The Montreal Canadiens and the New York Rangers begin an Eastern Conference First Round series at Bell Centre on Wednesday (7 p.m. ET; NBCSN, CBC, TVA Sports) that could prove to be the most thrilling.
According to the numbers, the Rangers are among the NHL's deepest in scoring, the Canadiens are the best at generating shots off the rush, and both teams are known for comebacks and exceptional third-period play.
Here are five interesting stats about this series:
Offense versus defense
This series could be another classic example of the unstoppable force meeting the immovable object.

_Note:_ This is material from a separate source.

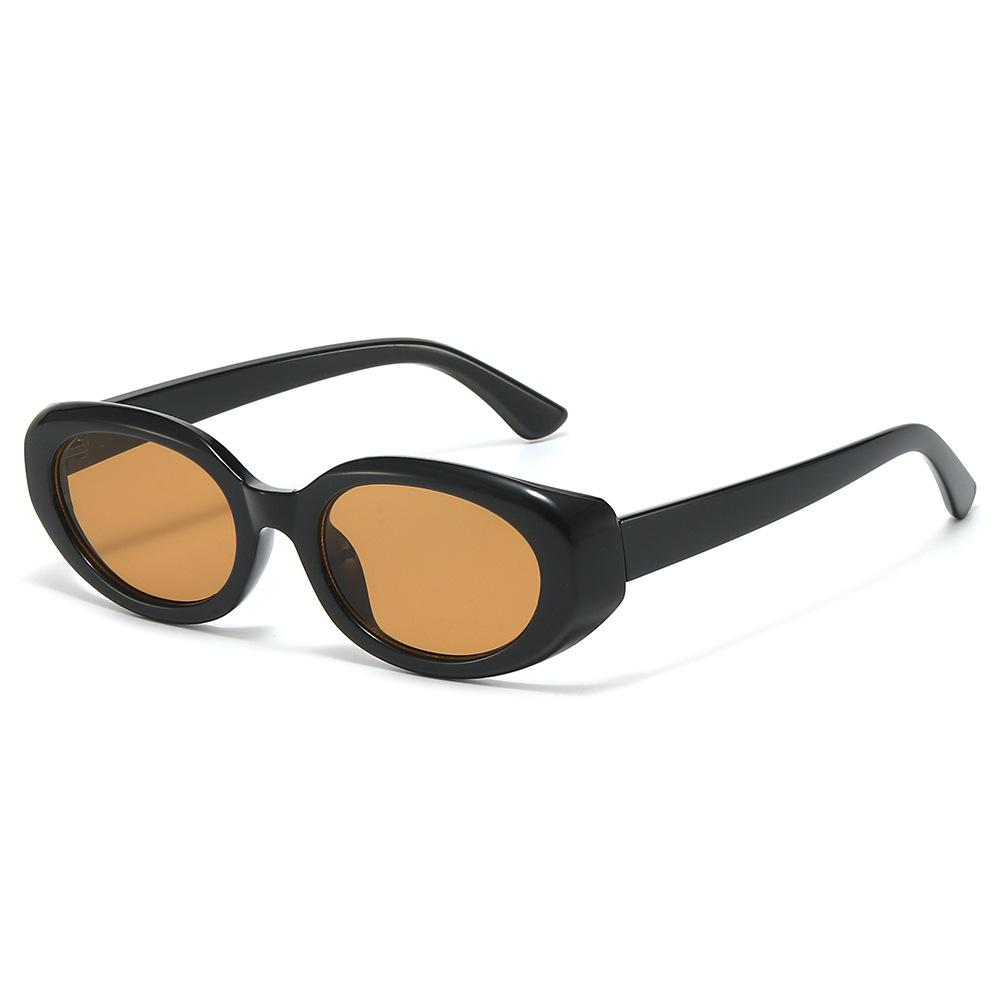 New cat's eye retro ins style men's and women's sunglasses, European and American fashion popular street photography fashion sunglasses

The Rangers scored 253 goals, which ranked fourth in the NHL, had a shooting percentage of 10.4 percent, which ranked third, and they feature a depth of scoring that includes eight forwards with at least 15 goals. In particular, the Canadiens will have to contend with Mats Zuccarello, who led the Rangers with 59 points, and Chris Kreider, who led them with 28 goals.

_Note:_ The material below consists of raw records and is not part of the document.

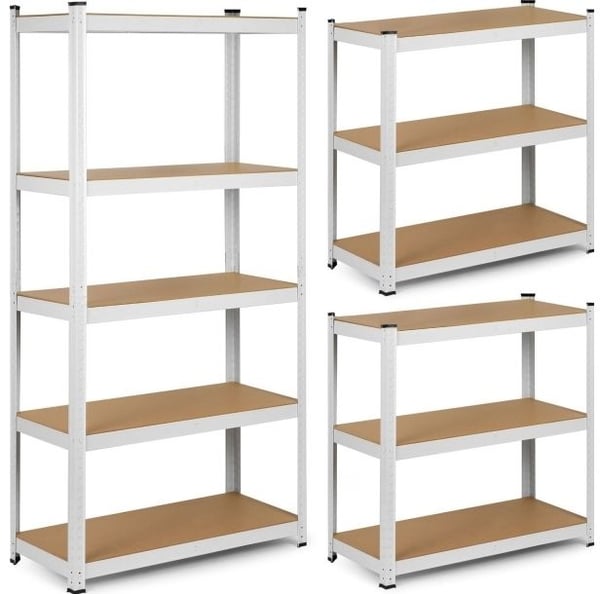 Humberg metallhylla för förråd 180x90x40 (4847)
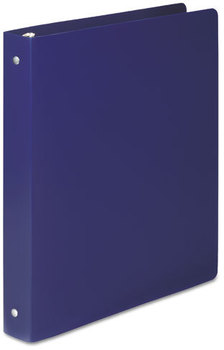 ACCO ACCOHIDE® Poly Round Ring Binder,  35-pt. Cover, 1" Cap, Blue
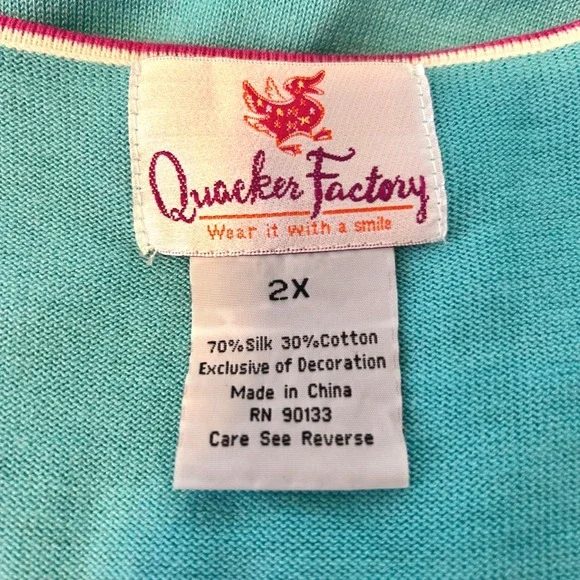 Quacker Factory Vintage Embroidered Sweater Tank Cardigan‎ Set 2X Silk Cotton - Picture 9 of 9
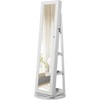 Songmics Jewellery Cabinet with Frameless Full Body Mirror (JJC62WT) (SNGJJC62WT)-SNGJJC62WT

The Rangers will be facing the fourth-best defense in the League, as measured in goals allowed (198). More than just great goaltending from Carey Price, the Canadiens have a commitment to solid defensive play, exemplified by unheralded two-way players such as Philip Danault and Paul Byron.
No zone time
Based on a count of how many faceoffs were taken in the offensive zone and defensive zone at even strength, neither team will be particularly focused on gaining a territorial advantage in this series.
Montreal lined up for 1,237 faceoffs in the offensive zone, and 1,320 in the defensive zone, for a zone start percentage of 48.38 percent that ranked 23rd, not far behind the Rangers, who ranked 21st with a zone start percentage of 48.68 percent, based on 1,184 faceoffs in the offensive zone, and 1,248 in the defensive.
Taking the shots
Typically, there is a strong relationship between a team's zone start percentage and its shot attempt percentage.
This is certainly true for the Rangers, whose shot attempt percentage of 47.94 percent, based on 3,520 shot attempts for and 3,823 against, ranked last among playoff teams, and 25th in the NHL.
Interestingly, this is not the case in Montreal, which had the third-best shot attempt percentage, despite ranking 23rd in zone start percentage. Based on 3,940 shot attempts for and 3,559 against, the Canadiens had a shot attempt percentage of 52.54 percent.
Shots off the rush
One of the explanations for Montreal's dominance on the shot clock despite the lack of offensive zone time was its success in generating shots off the rush.
In July 2014, David Johnson defined a rush shot as any shot attempt that occurs within 10 seconds of any event in the neutral or defensive zone, and without an intervening event in the offensive zone. By that definition, the Canadiens led the League with 322 shots off the rush, as calculated from NHL game files by Corsica Hockey.
On an individual basis, Jeff Petry led NHL defensemen by being on the ice for 130 on-ice rush shots, and Alexander Radulov's 99 ranked second among forwards to Derick Brassard of the Ottawa Senators (101).
Since the Canadiens and Rangers are among the League's most capable at comebacks, no game will truly be over until it's over.
The Rangers are 9-10-1 when trailing after the first period, which was the best record in the League after the Penguins (13-10-1). When trailing after the second period, the Canadiens had the best record, 11-20-4.
Both teams are at their best in the third period, where the Rangers outscored their opponents 101-76, and the Canadiens 89-66.